Oui. Bien que certains « Brexiters » sont certainement trop négatifs et hostiles à l’Union européenne dans leur rhétorique, les principaux responsables de ces divisions appartiennent au camp des « Remainers » parce qu’ils ne se sont pas posé la question : pourquoi avons-nous perdu ? Les « Remainers » détenaient toutes les positions clés au moment du référendum de 2016. Ils étaient à la tête de la plupart des partis politiques britanniques, mais aussi de la BBC, du Financial Times, des universités, des entreprises, etc. Ils avaient 95 % de l’establishment de leur côté et pourtant, c’est incroyable, ils ont perdu. Pourquoi ? Tant qu’ils ne se poseront pas cette question, ils ne seront pas capables de soigner les divisions de ce pays.
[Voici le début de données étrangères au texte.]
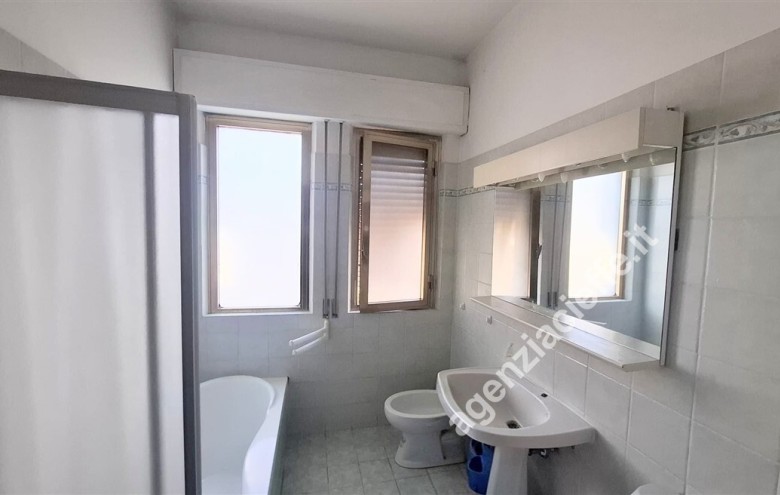 Appartamento in vendita a Massa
Vous pensez donc que les résultats du référendum sur le Brexit sont une sorte de victoire du peuple sur les élites ?

Je pense, en effet, que c’est globalement le cas. Je ne peux pas prétendre ne pas être moi-même un membre de l’élite. J’ai fait mes études à Eton, puis à Cambridge, je vis dans le sud de l’Angleterre et je suis maintenant un Lord. Mais mon cas est plutôt rare, je suis en quelque sorte un membre de l’élite qui ne pense pas de la même façon que la majorité du reste de l’élite.

Comment imaginez-vous la société britannique de demain ?
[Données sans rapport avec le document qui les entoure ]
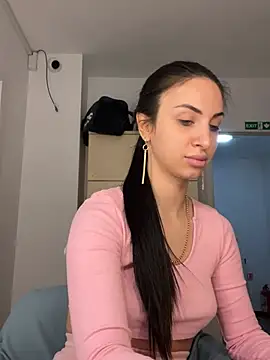 Snapshot of MeganHopeX chatting on December 18, 2024, 6:32 am MeganHopeX online show from December 18, 2024, 6:32 am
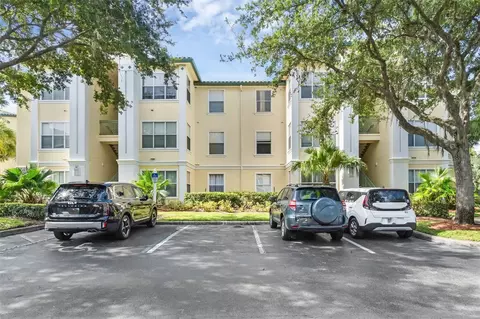 8822 Dunes Ct #307, Kissimmee, FL 34747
Nous avions la mauvaise habitude, lorsque nous étions dans l’UE, de la tenir pour responsable de ce qui ne nous plaisait pas. Il était commode de dire « nous ne pouvons rien faire à ce sujet. C’est l’Europe, c’est Bruxelles, etc. ». Parfois, c’était vrai, mais parfois, ça ne l’était pas. Nous avons adopté ce que l’on pourrait appeler une « mentalité servile », en rejetant la faute sur une autorité lointaine, et nous avons perdu l’habitude de décider par nous-mêmes. Ainsi, pour donner un exemple, ce qui est un vrai problème en ce moment, c’est que nous avons très peu d’expérience en matière de négociation commerciale, parce que nous avons transféré cette compétence à l’UE. Nous avons donc perdu une grande partie de matière grise au fil des ans sur ce sujet, ce que nous faisions pourtant très bien auparavant. J’espère que nous saurons retrouver cette compétence au 1er janvier et que nous retrouverons notre capacité à agir par nous-mêmes. 
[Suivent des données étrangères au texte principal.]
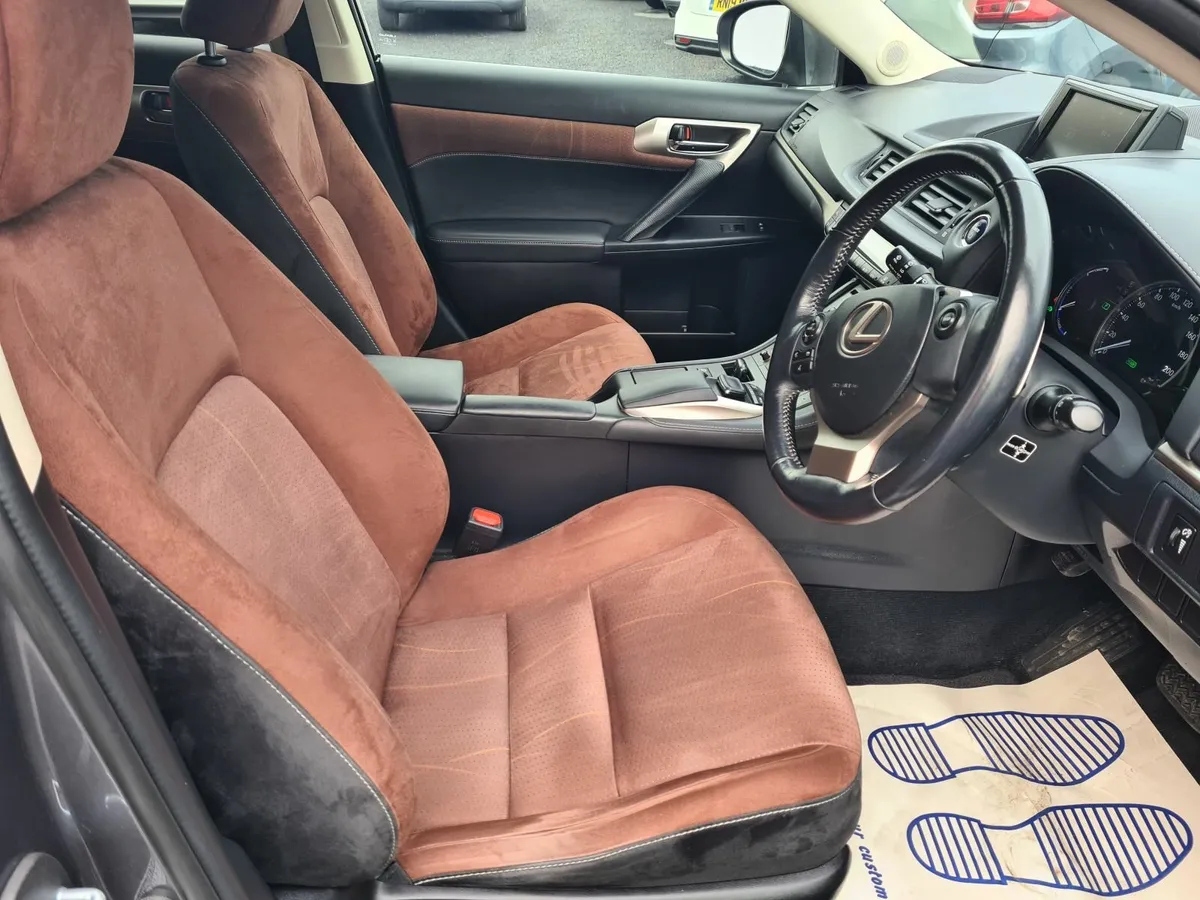 LEXUS CT 200 LOW Mileage/Leather Seats - Image 2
Par ailleurs, il serait très regrettable de croire que cette capacité ne se trouve qu’à l’intérieur de notre pays. La Grande-Bretagne sait faire appel aux talents du monde entier, y compris d’Europe, mais aussi de nos anciennes colonies ou à des personnalités d’origine britannique, mais qui sont allées aux États-Unis, au Canada ou en Australie, etc. C’est une grande tradition chez nous. Et je pense que nous pouvons et devons être un centre, un point de rencontre pour toutes sortes de bonnes choses. À une époque où la liberté et la démocratie dans le monde sont fortement menacées, nous devrions être un bastion de ces valeurs. Que cela se produise ou non, je ne peux pas le prévoir, mais c’est en tout cas l’espoir que j’entretiens.

Cette interview, réalisée en octobre 2020, a été publiée dans le n° 20 du magazine Émile.